Not when just one day later, I saw David Hill reporting on a teenage girl talking about her interest in game design. She had written about how GamerGate and other groups made her afraid to follow her dream. She was forced to delete her Twitter account and the article she’d written because of messages telling her she’s the problem, that feminism is at fault, and she’s irrational because GamerGate has had zero negative effect on things around them. A girl likely the same age as the one with whom I’d interacted.
The argument will likely be made that it wasn’t true Gaters saying those things, that the movement isn’t about harassment, so on and so forth. And that is if any argument is made in response to this article at all. Because it’s been written by a white heteronormative male. Even if I am a journalist, and a games journalist at that, I am not the target of GamerGate. I have not been doxxed, threatened, or even treated badly.
Somehow, that is even worse. If my question had been met with accusations of being a social justice warrior (I’m actually a social justice wizard, thank you very much) or implications that my mother performs sex acts for cash, at least that’d be consistent. But no: I was treated very differently from a Zoe Quinn or a Susan Arendt.
The origins of the movement are public and available. Its impact is palpable and overwhelmingly negative. Some in the community feel betrayed by the movement’s behavior, and many have an empathetic feeling of outrage at its treatment of women. So where does that leave people who are legitimately looking for ethics in journalism, and refuse to give up the tag?

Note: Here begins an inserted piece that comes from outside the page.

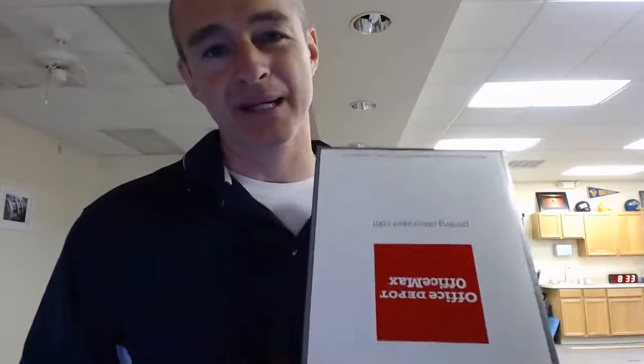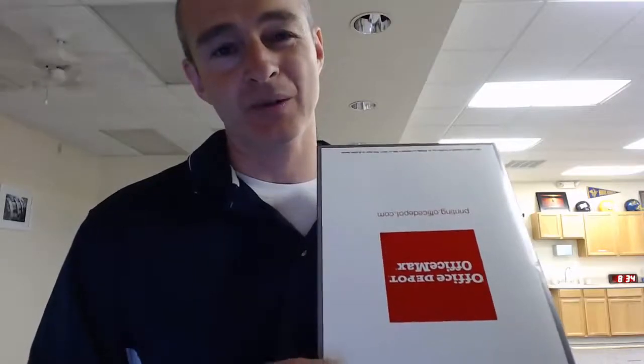This way, even if the first box gets shelved, the second box has a chance to get into circulation. I'll let you know once we get the first referral that comes in on these new pads.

It pains me to think that someone truly intelligent, truly well-meaning, and truly compassionate has been roped into the hype used to try and whitewash the movement. To such an individual, propaganda should be obvious and deplorable. Conspiracy theorists would put it that there is a deliberate smokescreen being used to try and obfuscate the true nature of every single person who uses that hashtag. I think the truth is far simpler, and far more terrifying.
Since human beings are complex and nuanced creatures, the movements they perpetuate are also complex and nuanced (for the most part: organized hate groups are not very complex). So, there is room for disparate narratives within a single polity. Especially when said polity is a disorganized, ill-defined, and relatively aimless one united under a label proposed by, at best, a very vocal and prominent public figure with inflammatory and very subjective opinions. The terrifying part is that some are so entrenched in their own intentions, positive though they might be, they will not divorce their quest for ethics from the majority of a movement. And the fact is, that majority behaves in a way that is not only unethical, but downright disturbing and deplorable. There are truly people within GamerGate who do not do this. Their intentions are good. They believe they can change the movement from within. And I want to believe in them so much that it breaks my heart.

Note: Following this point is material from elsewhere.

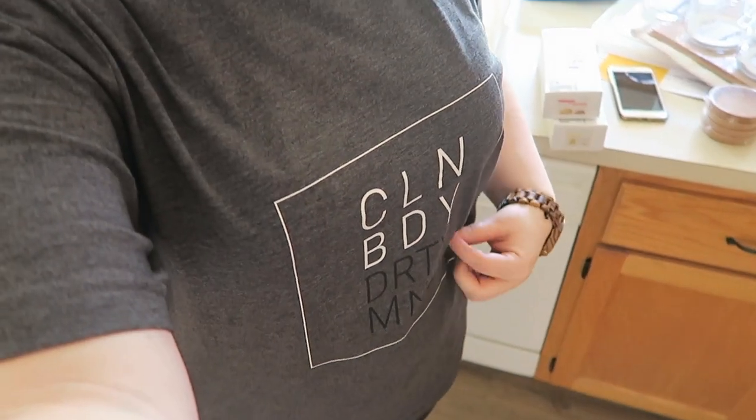That is it for the IKEA haul, hope you guys enjoyed it! Also I totally forgot to mention: I am finally wearing my clean and dirty t-shirt — it says 'clean body, dirty mind,' which is hilarious. I will leave a link to her Etsy shop below; she does all natural products and came out with these really funny shirts. Also, something very different for me — I'm wearing a watch today. I just got this in the mail yesterday, it's my first day wearing it, and I kind of love it. I'll leave the link below with exactly which one I got.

It’s important to look at the facts. Look at where the movement started. Investigate the origins of its hashtag. See the results of the actions taken by those who carry its banner. Yes, there are some who speak in a positive way and convey earnestness in beliefs that are not objectionable. But the vast, vast majority speak and act in despicable ways, and their outlook and behavior casts a pall on the minority who do not, to the point that even an outside observer has to question positive interactions. This is not how gaming, and gamers, should be. This is wrong. This is dark. And it has to stop.